Moreover, “Dr. Slater enjoys hunting. He took hunting trips and leased hunting property before he began developing Shooter’s Ear. Dr. Slater could have performed his research without hunting, and he spent only a small portion of his time on the trips documenting his research. On these facts we find that petitioners have not clearly established that the principal character of the trips was the active conduct of Austin Otology’s business. Therefore, the expenses did not directly relate to the active conduct of a trade or business, and Austin Otology improperly deducted them.” 2013 T. C. Memo. 293, at pp. 15-16.

Oh yes, Pat also wrote off the taxidermy expenses for his trophies.

Next up is (or are) Travis A. Mathis and Bettina C. Jary-Mathis, 2013 T. C. Memo. 294, filed 12/30/13, but it’s really Bettina’s story, although Travis, as heir to the Brown & Root engineering fortune, supplies the moolah wherewith Bettina disports herself.

Bettina is a great fan of cutting horses. No, not the kind that get the “G” in the racing form. Her cutting horses are those used by cowhands to isolate individual members of a cow herd, so as to “rope ‘em and brand ‘em and bob off their tails” with a loud whoopie-ti-yi-yo.

Ever since she could toddle round the corral, Bettina was a devotee of the cutting horse. At first she tried training and selling, but the best trainers wouldn’t go on retainer, as they wanted to exhibit their craft in many stables. Of course the training operation lost money.

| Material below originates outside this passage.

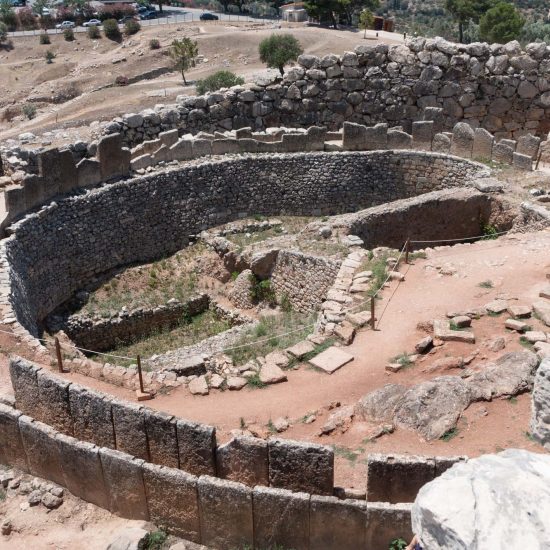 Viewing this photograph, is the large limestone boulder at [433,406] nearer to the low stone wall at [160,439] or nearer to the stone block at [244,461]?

Then Bettina turned to breeding. She studied bloodlines, took a seminar, made a business plan, hired a bookkeeper to record every expenditure and kept the same CPA preparing her tax returns for all the years she ran her ranch.

But the switch from training to breeding wasn’t starting a new activity. The two are too closely related.

Besides, “The current and expected losses of an activity should not be of such a magnitude that an overall profit going forward would not be possible. Bessenyey v. Commissioner, 45 T.C. 261, 274 (1965), aff’d, 379 F.2d 252 (2d Cir. 1967). Petitioners have accumulated over $9 million in losses from their cutting horse activity. It is unrealistic to expect that petitioners would not continue to accumulate significant losses. They have presented no convincing evidence that future profits could possibly offset these losses.” 2013 T. C. Memo. 294, at p. 16.

But ultimately, Bettina was having too much fun. “After weighing all the facts and circumstances in light of the relevant factors, we conclude that petitioners did not engage in their cutting horse activity with the requisite profit objective. Mrs. Jary-Mathis is determined to be a successful horsewoman. She wants to build a reputation as a producer of top-level cutting horses. However, she has pursued this goal independently of any desire to earn profits. She has continued training and breeding cutting horses for 17 years without ever approaching profitability, yet she has never seriously considered discontinuing operations.” 2013 T. C. Memo. 294, at p. 18.

The CPA helps Bettina avoid the 20% penalty, however.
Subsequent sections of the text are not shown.